Apache Drill 301: Discover Schema on the Fly

Contributed by

7 min read

This is the third and final entry in our three-part series focused on building basic skill sets for use in data analysis.

The series is aimed at those who have some familiarity with using SQL to query data but limited or no experience with Apache Drill. The following information can be used in corporate training programs to help users better understand how to work with Drill. Even those who will not be directly querying data can benefit from this material, as it can help them to work more productively with data analysis team members.

In Part 1, we walked through a basic process of querying data that enables any user with basic SQL skills to work with Drill. In Part 2, we focused on more complex queries and working with semi-structured data. In Part 3, below, we look at how Drill discovers the schema of data on the fly.

The Drill Sandbox

Even if Drill is already deployed on your network, you may find that users (and IT staff) are more comfortable if beginners learn Drill in a sandbox environment. The easiest way to do this is with MapR Sandbox with Apache Drill, a free and fully functional single-node cluster.

To access the materials and data to follow along with the steps in this blog, register (if you have not already done so for part 1 of this series) for the Drill Essentials course and download the content from Course Materials sheet. You will also find a link to download the Drill Sandbox in there.

Synopsis of Parts 1 and 2

We are, for the purposes of this walkthrough, employees of The Big Office Supply Company, a large retail business.

In Part 1, we supported our marketing department in a new sales promotion by analyzing data to help them decide when and where to focus their promotional efforts. We determined the top grossing month of sales, the rank of countries based on their gross sales in that month, and the top 10 products based on total sales volume.

In Part 2, The Big Office Supply Company’s data analysts decided that the marketing team could benefit from more in-depth information. They worked with search, click, and log data collected from our company website to determine what products people showed the most interest in, who looked at but did not purchase a product, and who looked at and did purchase a product.

Those who looked and did not buy will receive a special discounted offer for the product they were interested in. Those who did make a purchase will receive an offer to upgrade or purchase consumables for their products.

Our data analysts have done a great job using Drill to easily query a variety of data sources to help us target our promotions to get a much higher rate of return for our marketing dollars. Yet we have just begun to learn how Drill can be used to access our company’s data.

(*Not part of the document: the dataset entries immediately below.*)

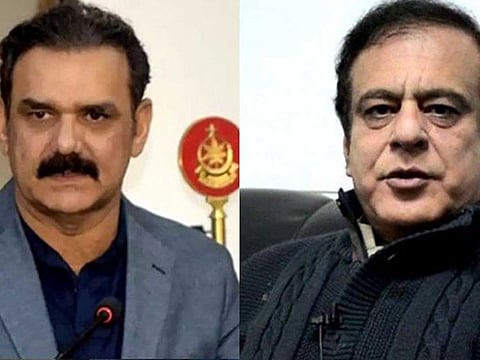 Senator Shibli Faraz (right) has been appointed as the new information minister of Pakistan while Lt General (retired) Asim Bajwa will be special assistant to Prime Minister on Information.  Photo courtesy Geo Tv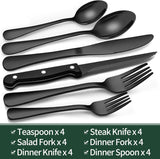 EWFEN 24-Piece Silverware Set with Steak Knives, Food-Grade Stainless Steel Tableware Cutlery Set for 4, Mirror Finished Flatware Utensil for Home Restaurant Black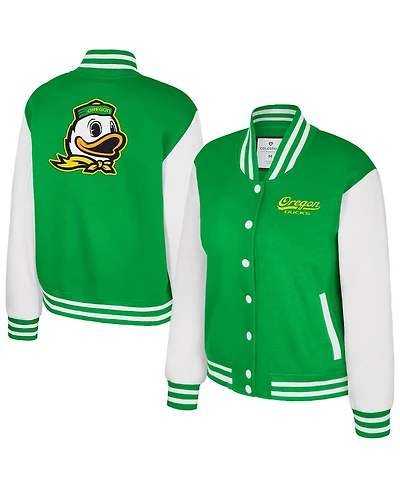 Colosseum Women's Green Oregon Ducks French Baguette Full Snap Fleece Jacket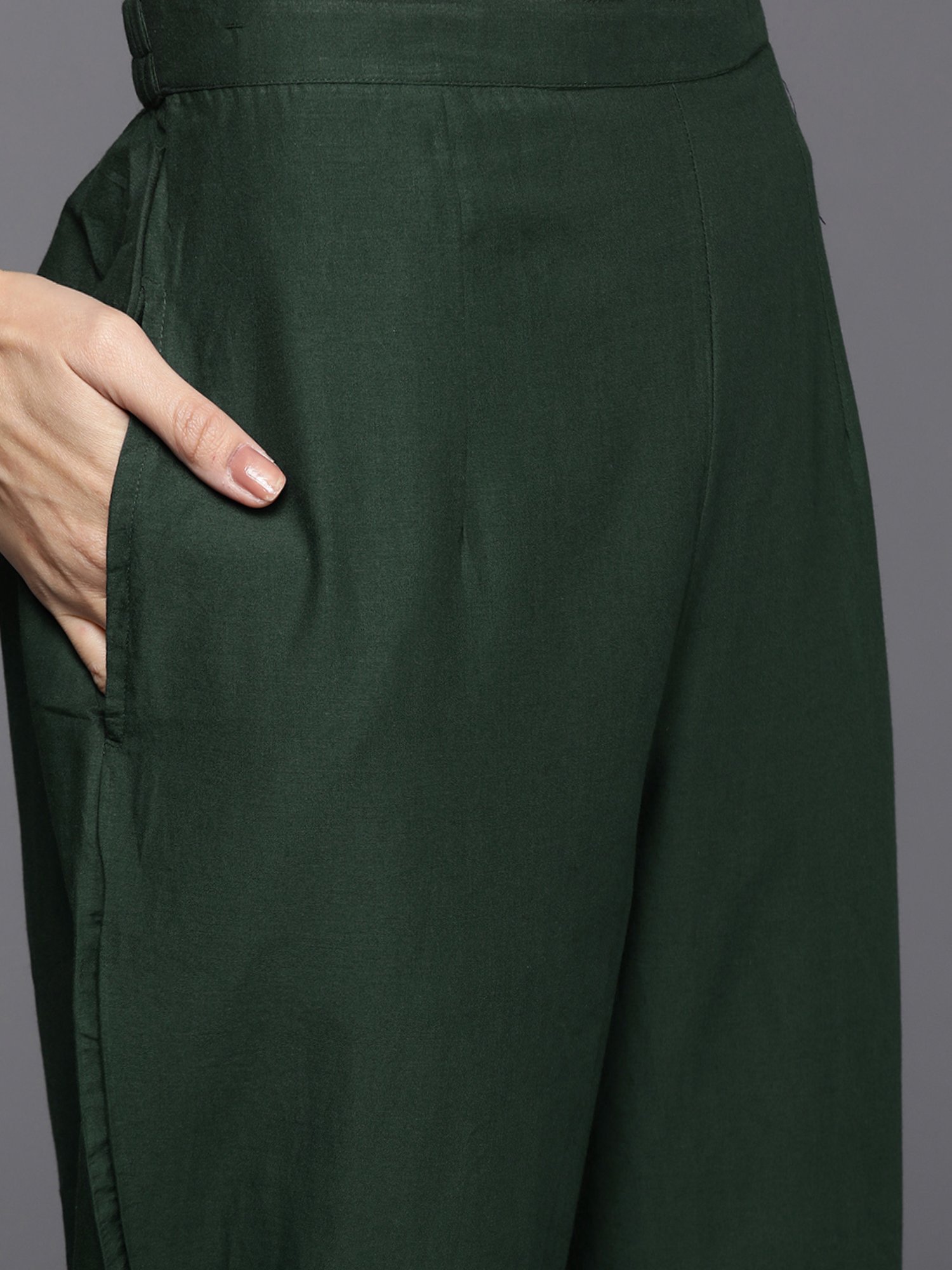 Indo Era Green Printed Kurta Pant Set With Dupatta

Discovering Data Schema on the Fly

SQL on hadoop

In addition to writing SQL queries with the command line, Drill provides full JDBC/ODBC access to standard business intelligence (BI) tools such as Tableau, Microstrategy, and SAS. The ODBC driver can be used to access a graphical user interface (GUI) called Drill Explorer.

sql on hadoop 2

Drill Explorer can be used by our data analysts to examine and understand the metadata available in the schema-less and semi-structured data before they query it with visualization tools.

sql on hadoop c

When we first open Drill Explorer, we see all of the data sources that are available to Drill. This includes our structured HBase table, as well as our unstructured JSON and parquet data, and any other data that Drill can access.

We can give Drill access to multiple data sources; structured, unstructured, known, or even unknown.

As noted in Part 2 of the series, data comes in different formats:

  • Structured data is neatly organized in tables, further broken down into columns and rows, in a relational database.
  • Unstructured data are files such as photos, graphics, videos, webpages, and PDFs that are difficult to organize in a structured format.
  • Semi-structured data is somewhere in between. JSON, Parquet fall under this category. Metadata tags are typically used to identify the data, but it isn’t organized in a rigid structure. This a common format for big data.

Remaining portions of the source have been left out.